At the heart of Reinforcement Learning lies the challenge of trading exploration -- collecting data for identifying better models -- and exploitation -- using the estimate to make decisions.  In simulated environments (e.g., games), exploration is primarily a computational challenge.  In real-world settings, exploration is costly, and a potentially dangerous proposition, as it requires experimenting with actions that have unknown consequences.  In this talk, I will present our work towards rigorously reasoning about the safety of exploration in reinforcement learning.  I will discuss a model-free approach, where we seek to optimize an unknown reward function subject to unknown constraints.  Both reward and constraints are revealed through noisy experiments, and safety requires that no infeasible action is chosen at any time.

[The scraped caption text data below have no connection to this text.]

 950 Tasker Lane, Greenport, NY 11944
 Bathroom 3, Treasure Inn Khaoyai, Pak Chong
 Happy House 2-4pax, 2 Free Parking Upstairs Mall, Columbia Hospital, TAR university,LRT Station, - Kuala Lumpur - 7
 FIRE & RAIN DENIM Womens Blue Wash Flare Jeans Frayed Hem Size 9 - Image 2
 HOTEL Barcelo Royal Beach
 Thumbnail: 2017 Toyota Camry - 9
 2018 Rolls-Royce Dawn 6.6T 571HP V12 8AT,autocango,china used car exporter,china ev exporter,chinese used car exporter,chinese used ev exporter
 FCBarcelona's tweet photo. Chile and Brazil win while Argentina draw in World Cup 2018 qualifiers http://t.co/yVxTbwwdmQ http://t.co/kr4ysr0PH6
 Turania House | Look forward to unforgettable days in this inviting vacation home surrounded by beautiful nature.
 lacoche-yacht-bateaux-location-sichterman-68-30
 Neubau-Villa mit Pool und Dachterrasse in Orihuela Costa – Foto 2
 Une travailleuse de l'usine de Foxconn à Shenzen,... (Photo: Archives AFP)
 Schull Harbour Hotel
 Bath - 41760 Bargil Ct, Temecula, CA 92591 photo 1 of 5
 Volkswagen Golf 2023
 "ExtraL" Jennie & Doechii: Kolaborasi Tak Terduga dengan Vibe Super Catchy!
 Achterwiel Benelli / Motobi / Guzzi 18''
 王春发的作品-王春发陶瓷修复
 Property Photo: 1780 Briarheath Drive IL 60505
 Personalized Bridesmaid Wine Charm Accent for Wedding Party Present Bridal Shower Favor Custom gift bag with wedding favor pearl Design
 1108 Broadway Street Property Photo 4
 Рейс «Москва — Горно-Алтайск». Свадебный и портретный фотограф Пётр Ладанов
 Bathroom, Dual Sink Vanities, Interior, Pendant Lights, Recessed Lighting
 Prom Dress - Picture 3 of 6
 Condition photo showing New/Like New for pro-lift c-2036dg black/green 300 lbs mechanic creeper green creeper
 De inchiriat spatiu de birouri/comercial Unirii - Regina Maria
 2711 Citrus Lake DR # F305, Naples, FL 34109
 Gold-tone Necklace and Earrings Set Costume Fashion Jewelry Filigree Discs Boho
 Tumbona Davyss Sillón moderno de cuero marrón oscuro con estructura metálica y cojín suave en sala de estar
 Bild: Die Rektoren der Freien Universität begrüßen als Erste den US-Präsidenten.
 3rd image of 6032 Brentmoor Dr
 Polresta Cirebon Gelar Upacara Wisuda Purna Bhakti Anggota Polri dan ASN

I will also discuss model-based approaches, where we learn about system dynamics through exploration, yet need to verify the safety of the estimated policy.  Our approaches use Bayesian inference over the objective, constraints, and dynamics, and -- under some regularity conditions -- are guaranteed to be both safe and complete, i.e., converge to a natural notion of reachable optimum.  I will also present recent results harnessing the model uncertainty for improving the efficiency of exploration, and show experiments on safely and efficiently tuning cyber-physical systems in a data-driven manner.

Biography

Andreas Krause is a Professor of Computer Science at ETH Zurich, where he leads the Learning & Adaptive Systems Group. He also serves as Academic Co-Director of the Swiss Data Science Center and Chair of the ETH AI Center. Before that, he was an Assistant Professor of Computer Science at Caltech. He received his Ph.D. in Computer Science from Carnegie Mellon University (2008) and his Diplom in Computer Science and Mathematics from the Technical University of Munich, Germany (2004). He is a Microsoft Research Faculty Fellow and a Kavli Frontiers Fellow of the US National Academy of Sciences. He received ERC Starting Investigator and ERC Consolidator grants, the Deutscher Mustererkennungspreis, an NSF CAREER award as well as the ETH Golden Owl teaching award. His research has received awards at several premier conferences and journals, including the ACM SIGKDD Test of Time award 2019 and the ICML Test of Time award 2020. Andreas Krause served as Program Co-Chair for ICML 2018 and he is serving as Action Editor for the Journal of Machine Learning Research.